The Good


Making my way to the British Library from Southwark, I came across a scene in one of London’s Tube stations: an elderly woman was at the top of an escalator, with a crowd of people gathering around her. “I can’t do it,” I heard her say. Her voice was panicky – in fact, I think it was the urgency of her tone that drew my attention in the first place. People packed in behind her and her family members. Unable to move forward, they pressed closer as she stood there on the grate, looking unsteadily at the ribbed metal spooling out into stairs at her feet. Across the way, my ascending escalator  drew me closer to the group.

“Please don’t make me do it!” she cried out. In that moment, I realized what a terrifying thing an escalator could be. There she was, standing precariously on solid ground, contemplating this machine that would propel her forward, no doubt throwing her off-balance and making her fall all the way down.

At that moment, two personnel walked up to the group and gently pushed closer to her and her family. I watched as they soothed her, gave her a quick pep talk and then flanked her. They each grabbed her elbow and guided her off of the platform onto the stairs. Cheers and applause erupted from behind them: not cheers of “Hurry up already!” but genuine, congratulatory whoops from the crowd. In that moment, I felt like all those people were as proud of her and happy for her as I was. Tears prickled in my eyes to see all those strangers show such goodwill.

The Bad

Waiting at the gate in Terminal A, passengers were starting to fill up the seats around me. Our flight had been delayed for a second time. I looked up from my book to see an airport official pushing an elderly woman in a wheelchair. The woman was frail, and shaky. They pulled up to the line of seats next to me; the seat closest to me was still empty. The airport official stopped the wheelchair and ordered the occupant out. Her tone was no just brusque – it was impatient and downright insulting. She was treating that poor woman like a sack of potatoes that she was tired of lugging around. The older woman strained to stand up; she failed. She rocked back in her seat and tried to stand again, then faltered. She obviously needed a hand. I was so close to her that I felt I should help, so I put my hand out to steady her. She grabbed my arm and tumbled over into the hard plastic seat beside me.

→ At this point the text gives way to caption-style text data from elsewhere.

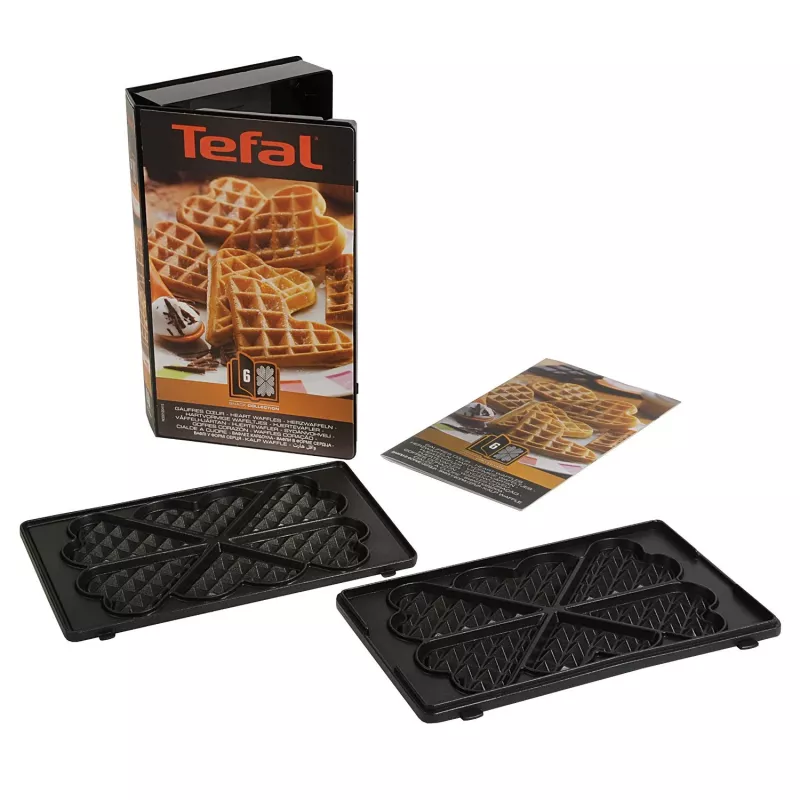 Tefal XA800612 Płyty do gofrów w kształcie serca do opiekacza SW852, czarny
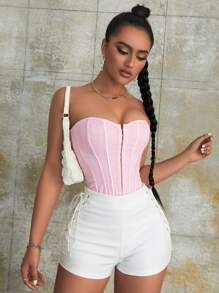 Apperloth A Sexy Rave Lace-Up Side PU Leather Tight Clubwear Shorts For Music Festival - White - View 6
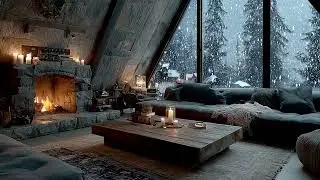 Warm Fireplace  Relaxing Holiday Ambience with Snowfall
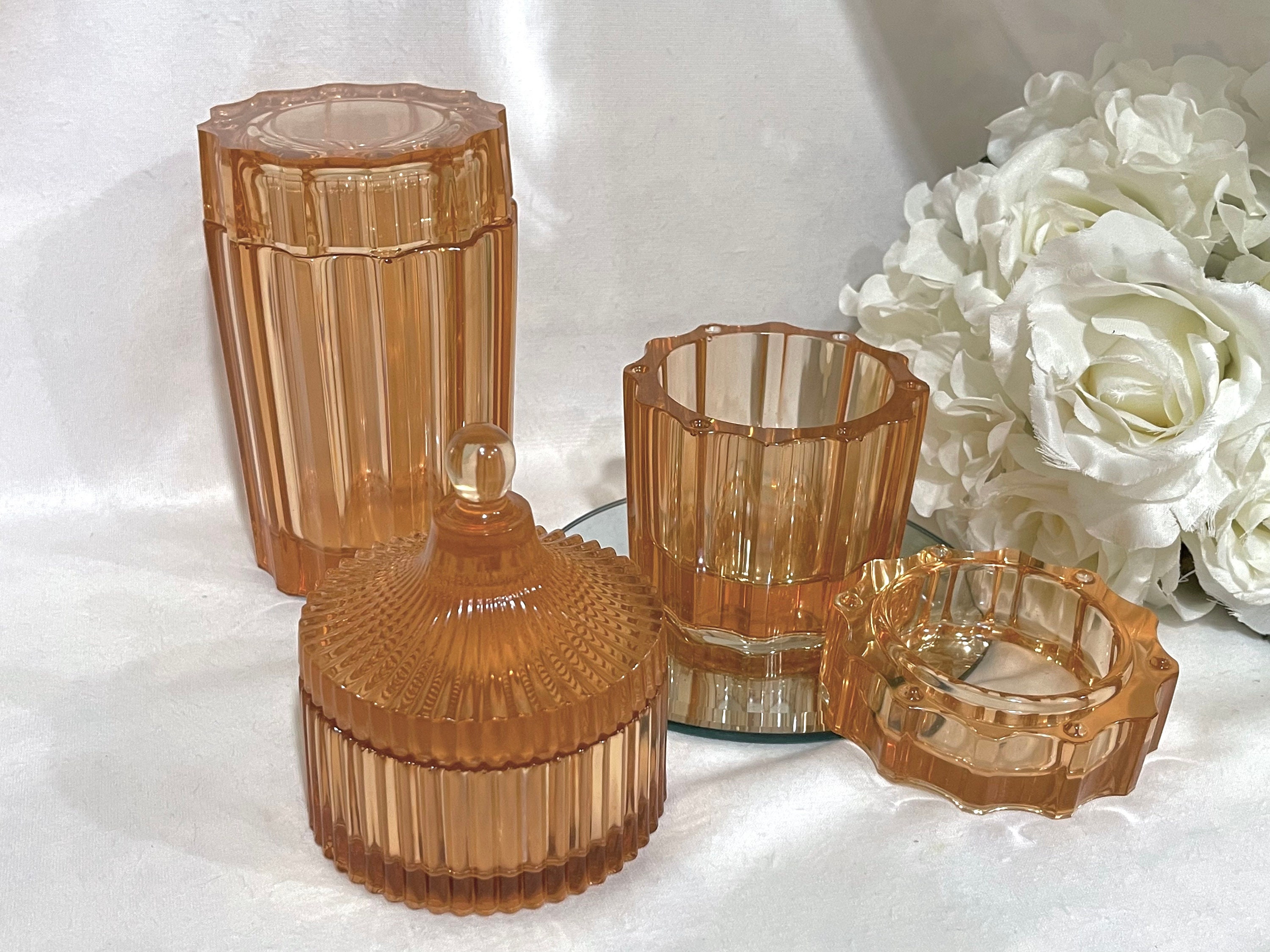 Resine Icontainers Vintage Style Amber Resin Containers With Lids, Set of 3 - Etsy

“Where’s your cane?” the airport official demanded.

“My what?”

“Your cane. You didn’t lose it did you? That was all you had to do – you had to keep up with that cane.”

Muttering under her breath the airport official railed against that “silly old bat” and “now I’m gonna have to hunt down that stupid cane,” and walked away from us, pushing the chair.

I looked over at the old woman beside me and looked like she was close to tears.

“Where is she going?” she asked me. “Did she take my cane? I need my cane!”

I told her that the official was probably going to look for it. Did she know where she’d left it?

“Oh, I may have left it in the bathroom,” she told me. I watched the airport official walking off into the crowd and thought this might be information she needed to know.

I told the woman that I’d be right back and I picked up my bags and caught up to the woman with the wheelchair.

“She thinks she may have left it in the bathroom,” I told her.

“I was GONNA get it! Why you gotta get involved? I’ll get her durn cane!”

She thought I’d come up to chide her.

No, I told her, I was just trying to help – I thought she might want to know where to look.

“Mind your own business,” she said, and walked off in a huff.